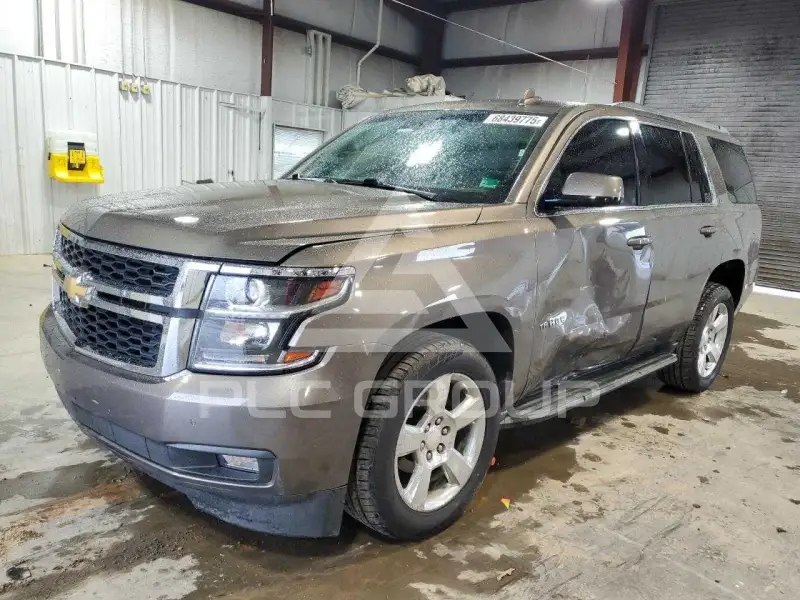 2016 Chevrolet Tahoe photo
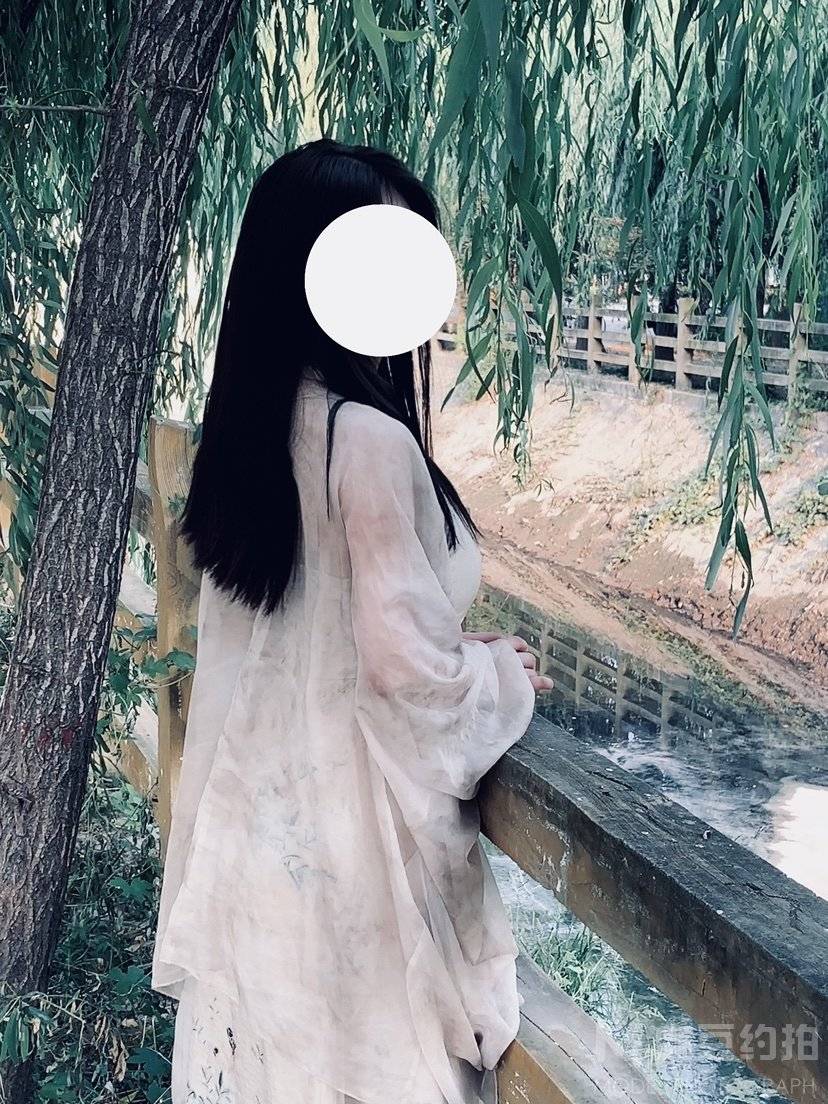 复古模特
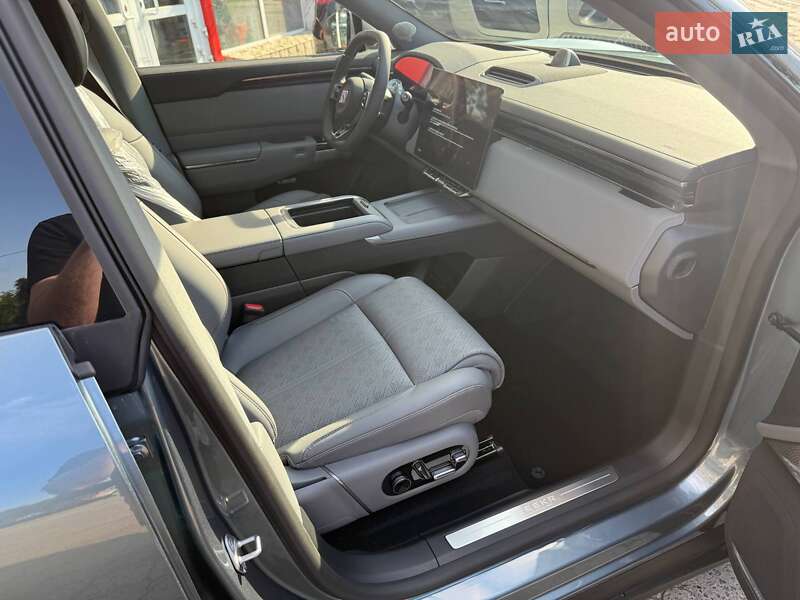 Внедорожник / Кроссовер Zeekr 7X 2025 в Харькове фото 10 Внедорожник / Кроссовер Zeekr 7X 2025 в Харькове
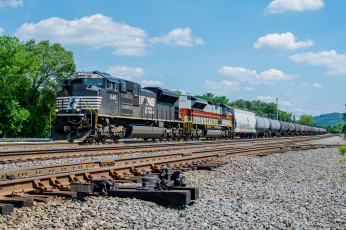 Картинка техника поезда локомотив состав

Task directions:
When you return the listing, keep each line exact and leave the pictures out.

Worked solution:
 2016 Chevrolet Tahoe photo
 复古模特
 Внедорожник / Кроссовер Zeekr 7X 2025 в Харькове фото 10 Внедорожник / Кроссовер Zeekr 7X 2025 в Харькове
 Картинка техника поезда локомотив состав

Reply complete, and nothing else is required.